HOW TO COMPLETE THIS TASK
Of all the entries below, only the lines from the one with "Super Fine Wool" up to and including the one with "Tampilan gameplay menakjubkan" are to be duplicated exactly.

RECORDS FOR THIS TASK
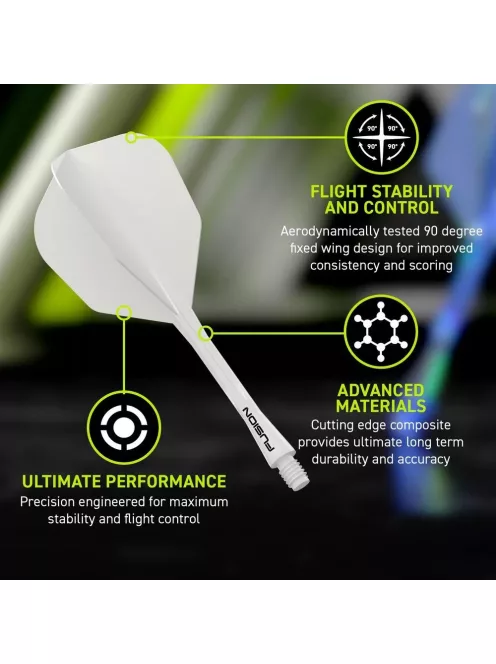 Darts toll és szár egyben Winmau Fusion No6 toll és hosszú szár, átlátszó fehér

* * *

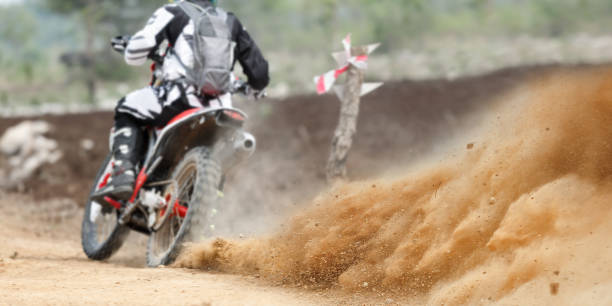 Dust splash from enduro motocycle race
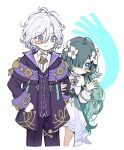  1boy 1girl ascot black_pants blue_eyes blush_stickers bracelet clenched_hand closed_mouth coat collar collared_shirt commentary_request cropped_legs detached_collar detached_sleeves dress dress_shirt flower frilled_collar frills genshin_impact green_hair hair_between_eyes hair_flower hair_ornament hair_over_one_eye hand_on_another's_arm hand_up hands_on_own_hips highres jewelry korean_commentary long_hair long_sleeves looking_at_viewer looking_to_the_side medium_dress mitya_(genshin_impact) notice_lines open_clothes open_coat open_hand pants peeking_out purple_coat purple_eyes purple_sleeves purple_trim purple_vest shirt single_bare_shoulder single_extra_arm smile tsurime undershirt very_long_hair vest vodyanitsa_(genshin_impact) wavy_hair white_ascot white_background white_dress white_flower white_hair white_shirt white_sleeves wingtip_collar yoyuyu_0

...

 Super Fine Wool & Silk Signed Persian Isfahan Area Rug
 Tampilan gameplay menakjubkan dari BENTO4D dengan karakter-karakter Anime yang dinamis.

RESULT FOR THIS TASK
 Super Fine Wool & Silk Signed Persian Isfahan Area Rug
 Tampilan gameplay menakjubkan dari BENTO4D dengan karakter-karakter Anime yang dinamis.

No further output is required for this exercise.